My fellow evangelicals, it’s time to get real.
Today’s post is going to deal frankly with some explicit subject matter. If you are underage or if you are of sensitive conscience, please just check out on me right now and check back with me some other day. I won’t mind. It won’t hurt my feelings.Still reading? OK. I warned you.
What is it that drives the blatant opposition to homosexuality that exists among many conservative evangelicals and other social conservatives?
What is it that causes us to howl with outrage when Brokeback Mountain racks up at the Academy Awards? When states legalize gay marriage and denominations ordain gay pastors? When World Vision announces that it will, in limited circumstances, hire gays?
It doesn’t have anything to do with what the Bible teaches. Though the Bible contains strong prohibitions against homosexual behavior, those prohibitions make up a very small percentage of the biblical text, hardly proportionate to the emphasis that it gets in contemporary evangelicalism.
It doesn’t have anything to do with high moral standards or an exalted view of marriage.
It doesn’t have anything to do with values, family or otherwise.
It doesn’t have anything to do with concern for society or for the welfare of children.
Those are all the things that people talk about, the reasons that they give. Those are the usual talking points in all the debates and articles. Those are the things that all the talking heads in the media and the pulpits say.
But those things are only secondary. They don’t get to the heart of the matter. They don’t even come close.
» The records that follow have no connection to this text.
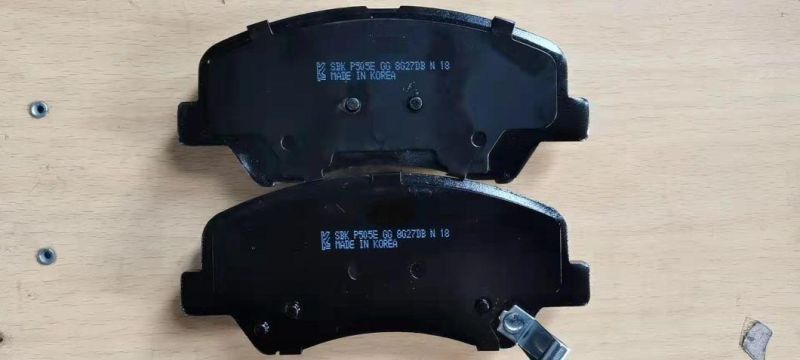 Auto Car Parts High Quality Ceramic/Semi Metal/Low-Metallic Brake Pad Front Disc Brake Pad Semi Metalic Auto Brake Pad for Hyundai Brake Pad Sp1399A/58101h8a58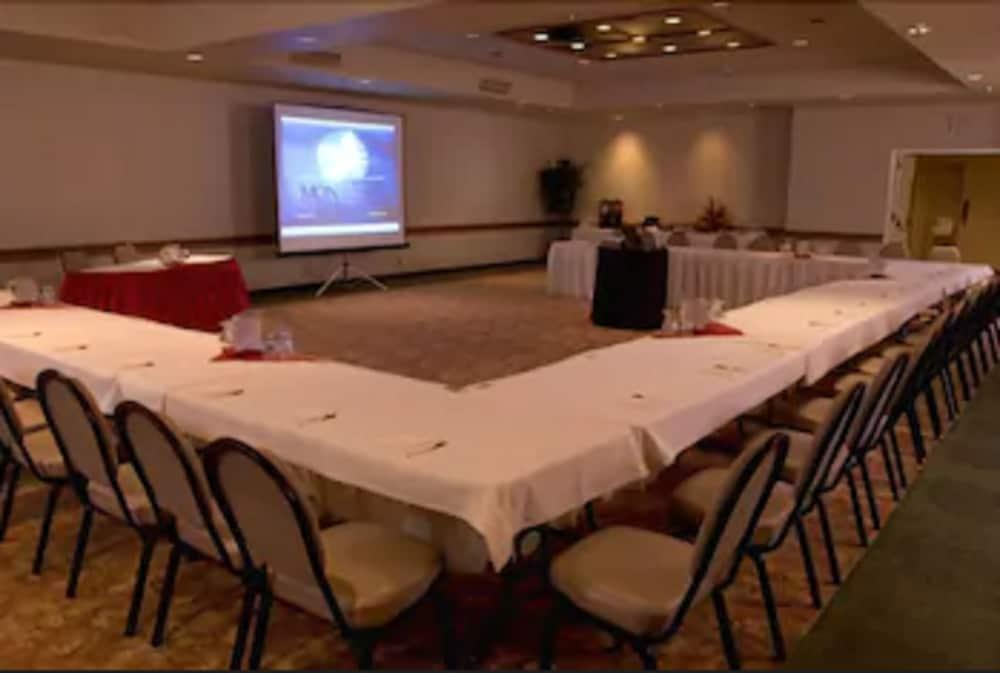 Monarch Hotel & Conference Center Clackamas Esterno foto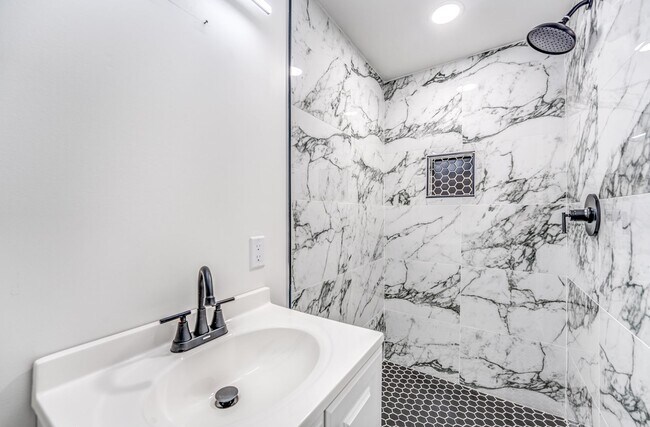 Building Photo - 1865 Ferber Ave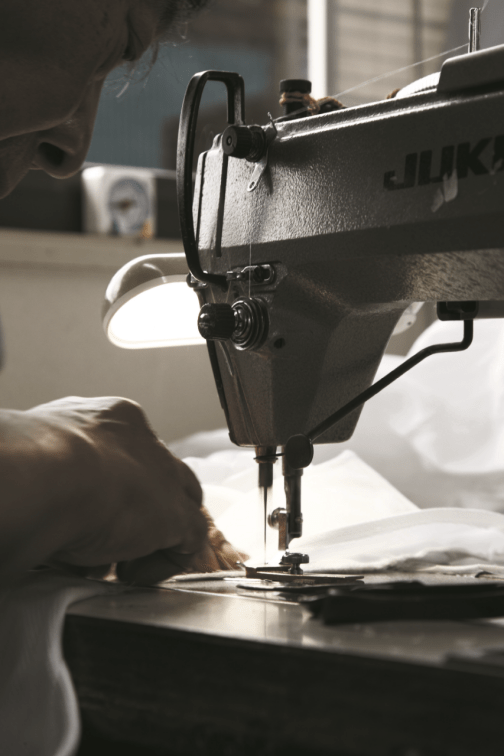 嘉里|全世界时尚精英都在穿的镰仓衬衫，为何成为经久不衰的经典款？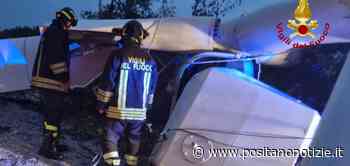 Maltempo, tragedia sfiorata a Campagna: crolla pala eolica di 40 metri - Positano Notizie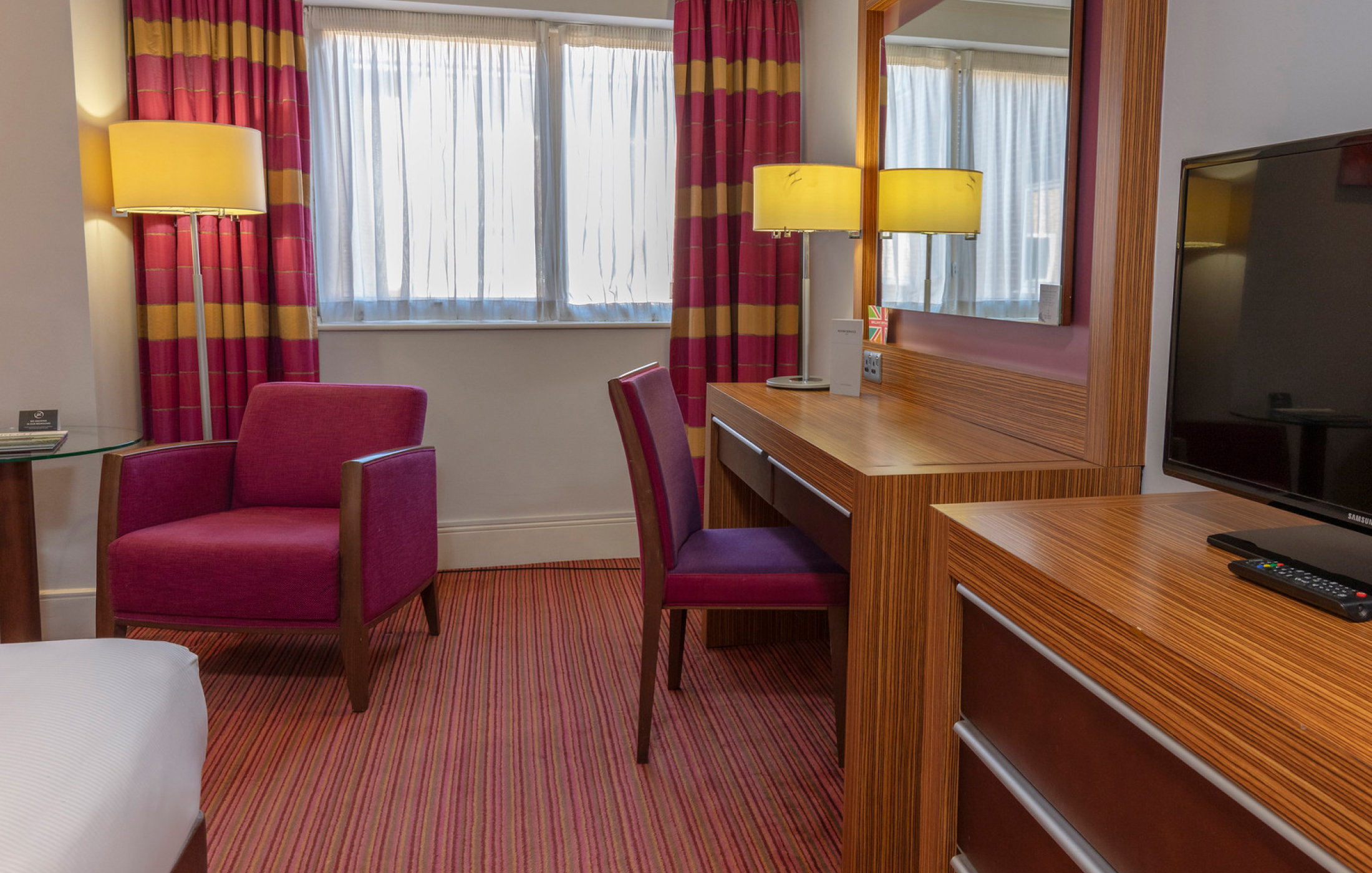 Ashfordinternational Gallery Rooms Classic Double 2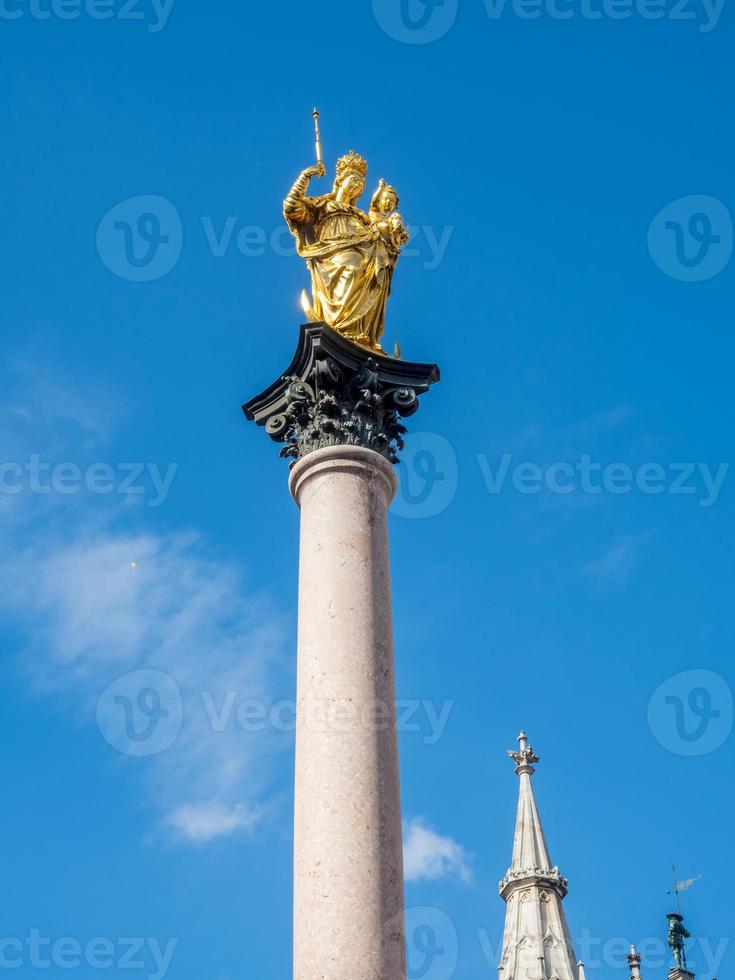 pijler voorzijde van nieuw stadhuis in münchen foto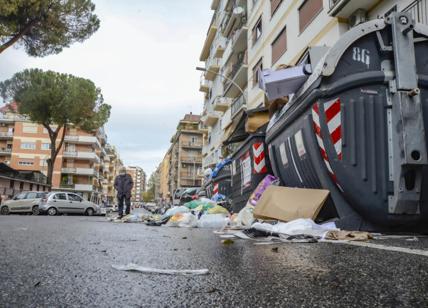 Rifiuti, la bomba su Zingaretti e Gualtieri: Comuni uniti: “Teneteveli a Roma”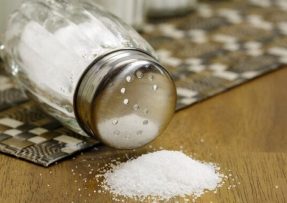 Jak použít sůl pro absorbování vlhkosti v domácnosti
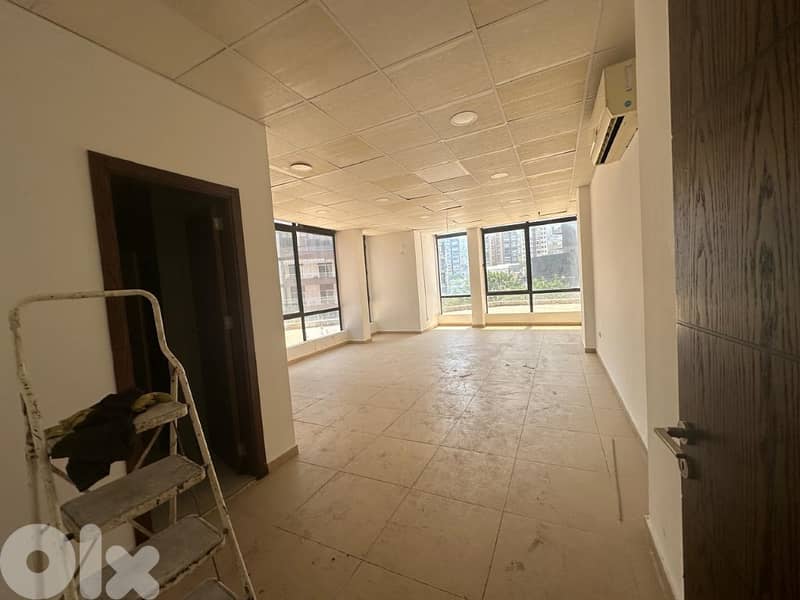 225 Sqm Office For Rent In Sed El Bauchrieh مكتب للاجار في سد البوشرية 0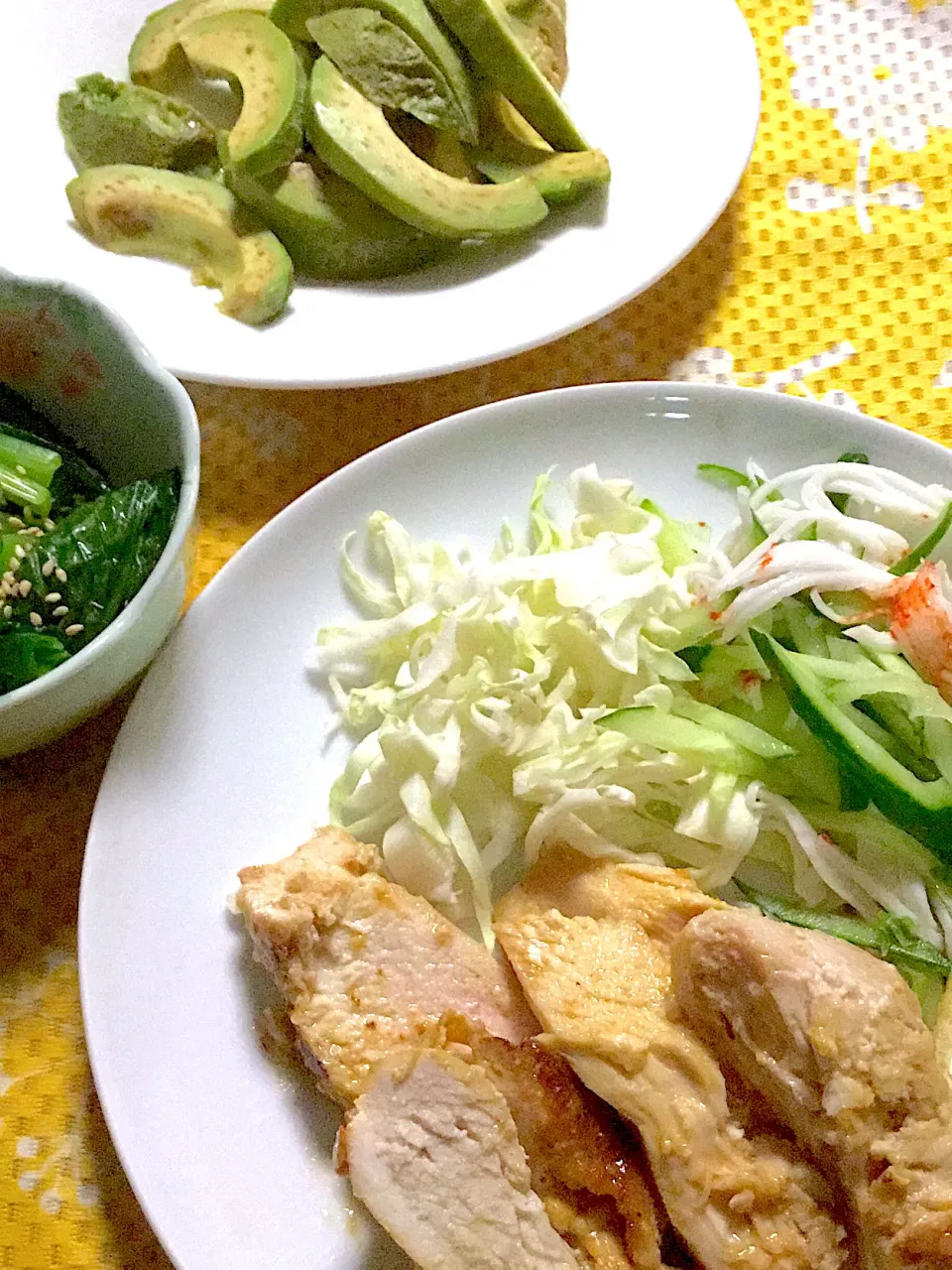 鶏ムネ肉の塩麹漬焼き　キャベツ　サラダ　揚げの焼き浸し　アボカド🥑|掛谷節子さん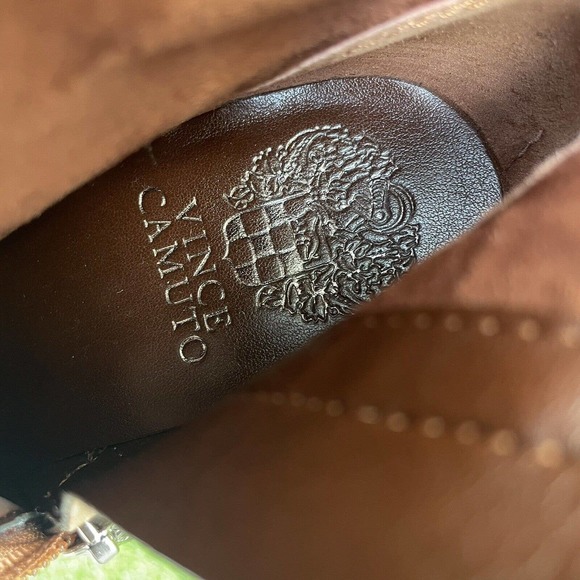 Vince Camuto Gravel Women’s Brown Leather Side Zip Heeled Ankle Boot Size 7 - Picture 8 of 16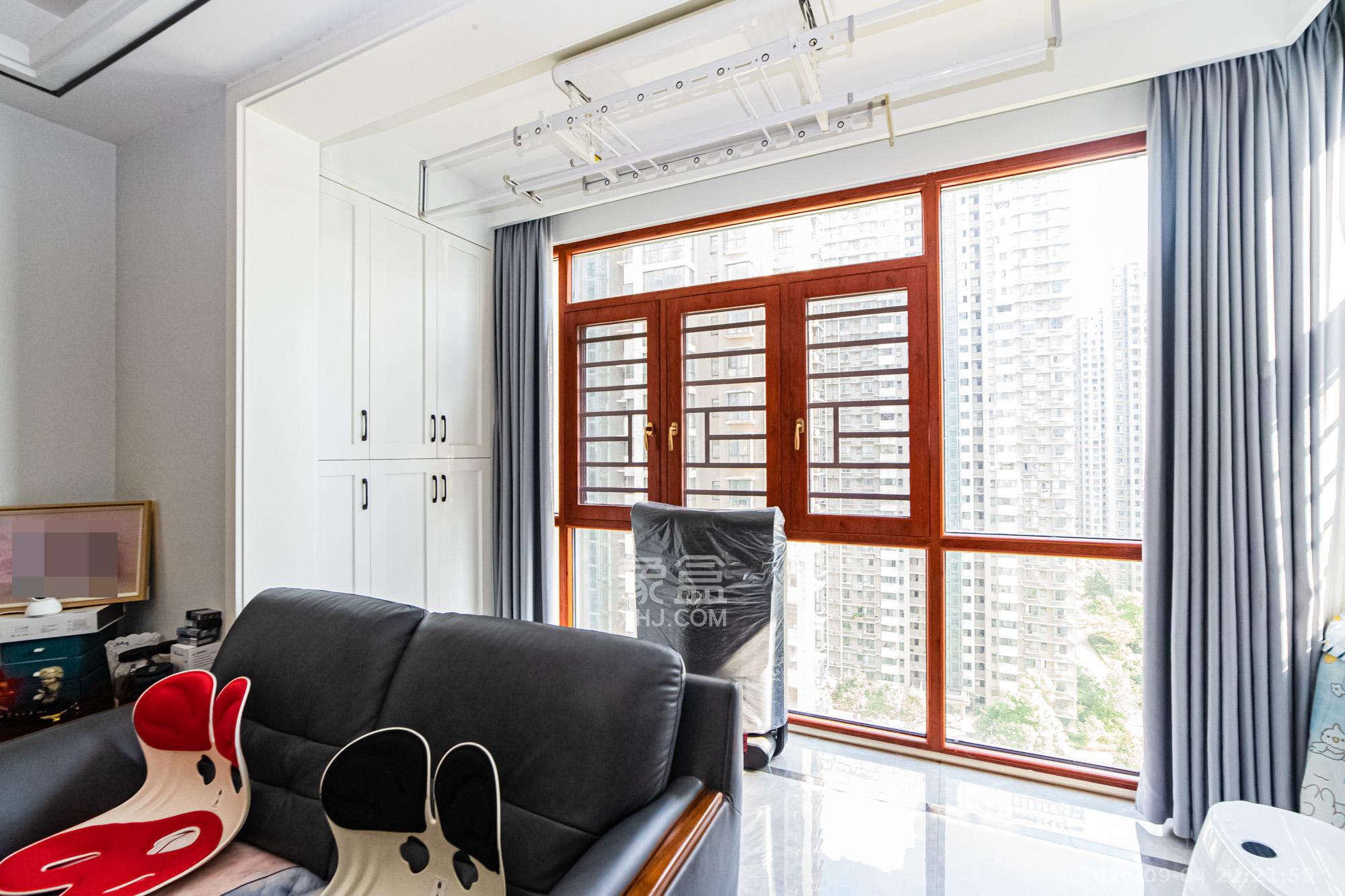 湘江世纪城融江苑 3室2厅2卫 130.0万 湘江世纪城融江苑 3室2厅2卫 130.0万阳台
The real issue is something that evangelicals and social conservatives won’t talk about. It is this: Many evangelicals and social conservatives are repulsed by gay sex. It isn’t an intellectual thing, it’s a visceral thing. Underneath all that rhetoric about faithfulness to God’s Word, family values, the sanctity of marriage, etc. is a big fat “EEEEEEWWWWWWW!!!!!!!!!!!!!!!”
Gospel Coalition Council member Thabiti Anyabwile is honest about this, at least:
“Gay” and “homosexual” are polite terms for an ugly practice. They are euphemisms. In all the politeness, we’ve actually stopped talking about the things that lie at the heart of the issue–sexual promiscuity of an abominable sort. … And I think it would be a good thing if more people were gagging on the reality of the sexual behavior that is now becoming public law, protected, and even promoted in public schools.
That’s just a small sampling. If you want to read more, I suggest you go and read his piece for yourself. But be warned, it contains extremely frank and graphic descriptions of very explicit subject matter. The piece is entitled “The Importance of Your Gag Reflex When Discussing Homosexuality and “Gay Marriage” “.
If you read Anyabwile’s piece you probably noticed that what he calls “moral” outrage is closer to physical or emotional outrage. The same thing you would feel if I did some “conscious uncoupling” with my lunch all over the elevator at work and you had to stand in it.
But it’s OK, my fellow evangelicals. I can relate. I can understand if, when you think of homosexuality, the first thing your mind runs to is the “Squeal like a pig” scene in Deliverance, or the gay rape scene in Pulp Fiction, or pretty much all of Brokeback Mountain or The Crying Game. Those are things that, once you’ve seen, you just can’t unsee. I know. I saw The Crying Game several years ago and had a pretty visceral reaction to it myself.
It’s only natural to feel that way.
But is that what Jesus would feel?
Somehow I doubt it.
When Jesus felt moral outrage it was directed primarily towards the religious leaders and so-called spiritual elites of his day. The ones who created an inflexible religious system that oppressed and marginalized so many who didn’t have a prayer of keeping all those rules. He had little, if any, in the way of moral outrage directed towards people engaged in behaviors which others believed we ought to consider offensive. The Samaritan woman and the woman caught in adultery are prime examples.
Allowing moral outrage of the kind Anyabwile calls for to be an ingredient in your relationships with others–no matter how offensive you might consider their behavior to be–is never a good road to go down. There are just too many ways this can go off the rails. It is far too easy to delude ourselves into thinking that we are outraged at the same things God is outraged at, when in reality we are not even close.
As Christians we are called to love our neighbors, to serve them, even to the point of laying down our lives for them. It is all but impossible to do this while harboring feelings of the sort that Anyabwile calls for.